Je ne sais pas si vous vous adressez au spécialiste du cyber ou au spécialiste de l’OTAN parce qu’il se trouve que je suis les deux. Mais en la matière, l’OTAN ou plutôt l’Alliance atlantique – je préfère commencer à parler de l’objet politique – est une organisation internationale résultant d’un consensus politique entre des États souverains. Chacun de ces États a des stratégies qu’il décide ensuite de mettre en commun pour un certain nombre de desseins. Ce partage peut concerner l’article 5 (celui qui régit la défense collective).
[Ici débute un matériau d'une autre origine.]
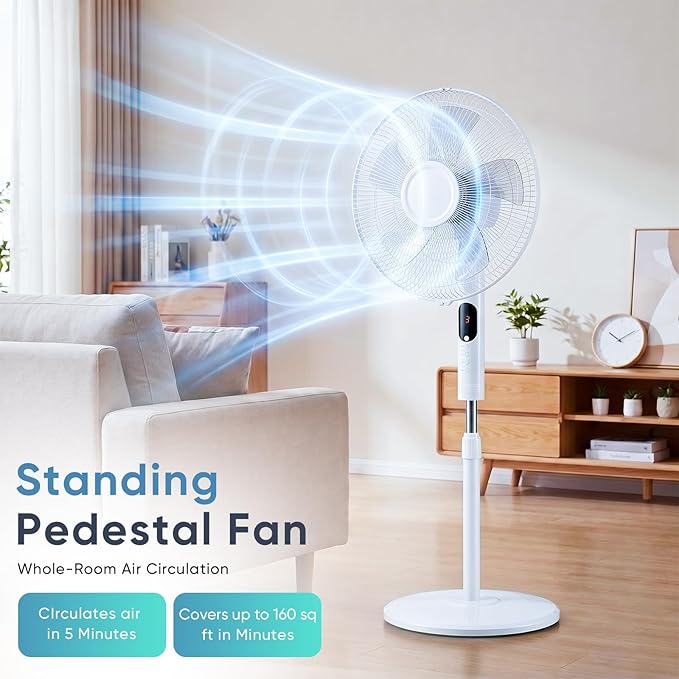 NEWBULIG 17" Pedestal Fan with Remote, 15H Auto Timer, Quiet Standing Fan for Bedroom, Living Room & Office, 3 Speeds, 3 Modes, Adjustable Height & 80° Oscillation
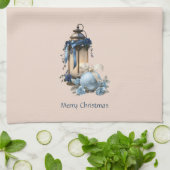 Blauw en Beige Moderne Kerst Keuken Handdoek (Gevouwen)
Dans le même temps, on voit apparaître une volonté pas simplement d’élargissement des missions de l’alliance mais surtout d’adaptation au monde contemporain. Parmi cette adaptation il y a ce qu’on appelle les défis de sécurité émergents, bien qu’ils ne soient pas tous forcément émergents : la lutte contre le terrorisme ou la prolifération des armes nucléaires sont des choses assez anciennes. Cela étant, ce n’est pas forcément le cœur de métier de l’OTAN au départ. Parmi ces nouveaux défis, il y a le cyber récemment pris en compte, qui fait partie d’une adaptation de l’Alliance à un nouvel environnement. Donc, l’Alliance s’intéresse au cyberespace.

Par ailleurs, vous avez ce qu’on appelle l’OTAN : l’organisation militaire intégrée, donc une structure spécialisée à distinguer de l’alliance politique. La distinction est utile parce que lorsque vous posez la question de la stratégie de l’OTAN… le mot est ambigu ! Le mot est ambigu parce que l’Alliance n’est pas un acteur étatique qui va avoir une stratégie en soi ; mais en revanche elle a une stratégie dans la mesure où il s’agit de faire des choses en commun. En fait, la vraie question est de savoir ce que l’on met en commun à 28 entre des États qui sont très forts – les États-Unis mais aussi les trois grands européens –, des États qui font des efforts, puis des États qui ne font presque pas d’efforts. Ici réside l’ambigüité politique. Elle s’est révélée très tôt, dès l’affaire de l’Estonie en 2007 où certains commentateurs estoniens avaient suggéré de faire appel à l’article 5. Le gouvernement estonien ne l’a pas fait et n’a mentionné que l’article 4 du traité. La conclusion est limpide : les Alliés ne sont pas prêts à étendre l’article 5 au cyberespace. L’attaque cyber de l’un d’eux n’entraîne pas la défense collective des 28. C’est fondamental. Il y a donc des cyberstratégies nationales et un domaine partagé. A cause de ces limitations, la cyberstratégie de l’OTAN, pour reprendre votre expression, est forcément beaucoup moins large et ambitieuse que celle des Etats les plus avancées.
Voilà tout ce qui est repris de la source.